The set $\rm\,S\,$ of positive integers of the form $\rm\:ma+nb\:$ is closed under positive subtraction, i.e. if $\rm\: j,k\in S\:$ then $\rm\:j > k\:\Rightarrow\:j-k \in S.\:$ So, by a simple fundamental lemma, the least positive element $\rm\:d\in S\:$ divides every element of $\rm\:S.\:$ Thus $\rm\:a,b\in S\:\Rightarrow\: d\mid a,b,\:$ i.e. $\rm\:d\:$ is a common divisor of $\rm\:a,b.\:$ Conversely, $\rm\:c\mid a,b\:\Rightarrow\: c\mid d = ma + nb\:\Rightarrow\:c\le d,\:$ so $\rm\:d\:$ is the greatest common divisor (i.e. any common divisor $\rm\:d\:$ of $\rm\:a,b\:$ having linear form $\rm\:d = ma+nb\:$ is necessarily greatest).

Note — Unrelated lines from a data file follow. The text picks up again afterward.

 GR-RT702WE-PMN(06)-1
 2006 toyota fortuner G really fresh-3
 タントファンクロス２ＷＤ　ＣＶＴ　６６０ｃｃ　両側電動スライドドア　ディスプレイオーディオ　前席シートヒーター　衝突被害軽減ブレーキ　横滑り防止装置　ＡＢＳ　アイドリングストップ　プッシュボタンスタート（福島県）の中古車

Hence we see that Bezout's identity for the gcd is just a special case of said fundamental lemma. This lemma has widespread applications in elementary number theory. The key innate structure is clarified when one studies university algebra: ideals are principal in Euclidean domains (and ideal-theoretic structure is hidden everywhere in elementary number theory).

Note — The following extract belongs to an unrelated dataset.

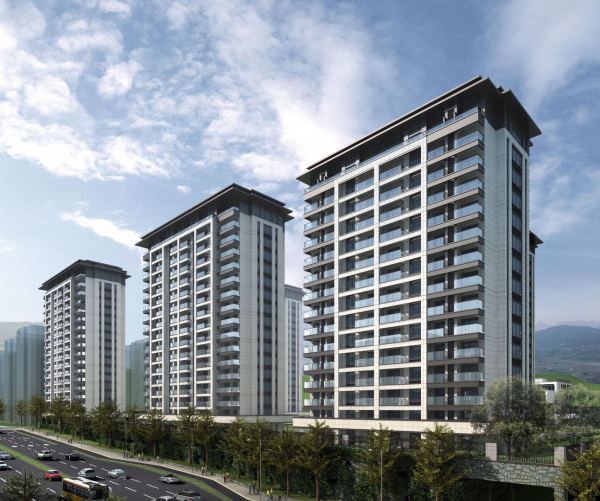 临安地上南樾府怎么样地上南樾府距离地铁站多远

Remark: it is is easy to verify the claim that $\rm\,S\,$ is closed under (positive) subtraction:

$$\rm\begin{eqnarray} j\, =\, ma+nb\in S\\ \rm k\, =\, \hat m a + \hat n b\in S\end{eqnarray}\bigg\rbrace,\ \ \, j>k\ \ \Rightarrow\ \ j-k\, =\, (m-\hat m)\, a + (n-\hat n)\,b \in S$$

Answer 2

Every $ma+nb$ is a multiple of $\gcd(a,b)$, so also the smallest positive such number is a multiple.

Answer 3

From Bezout's identity we have that $\gcd(a,b)=sa+rb$ for some $r,s\in\mathbb Z$.
Also $\gcd(a,b)\mid a , \ \gcd(a,b)\mid b$ and therefore for any $n,m\in\mathbb Z$ with $ma+nb>0\Rightarrow ma+nb=k\cdot\gcd(a,b)$ for some $k\in\mathbb N$.
Since $sa+rb=1\cdot\gcd(a,b)$ it follows that $\gcd(a,b)$ is the smallest element of $\lbrace ma + nb : m, n\in\mathbb{Z}\text{ and }ma+nb>0\rbrace$.